MATERIAL TO PROCESS:
=-=-=-=-=

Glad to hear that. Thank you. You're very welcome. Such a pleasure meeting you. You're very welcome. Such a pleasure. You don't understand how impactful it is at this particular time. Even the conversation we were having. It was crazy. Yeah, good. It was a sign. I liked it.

=-=-=-=-=

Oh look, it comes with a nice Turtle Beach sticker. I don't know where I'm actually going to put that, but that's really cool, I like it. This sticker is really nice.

=-=-=-=-=

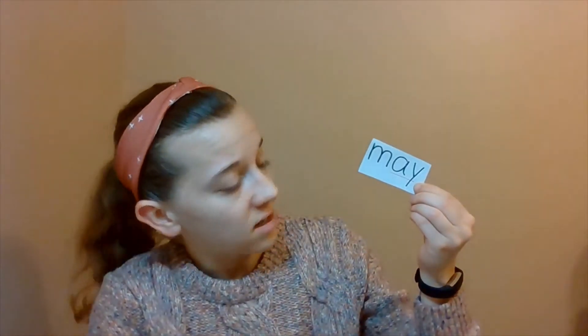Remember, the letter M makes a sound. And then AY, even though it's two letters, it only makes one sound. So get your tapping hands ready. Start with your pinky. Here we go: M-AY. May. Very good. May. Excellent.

=-=-=-=-=

YOUR TASK: The word "that" appears on some lines of the data above; count those lines and return only the number.

THE ANSWER: 2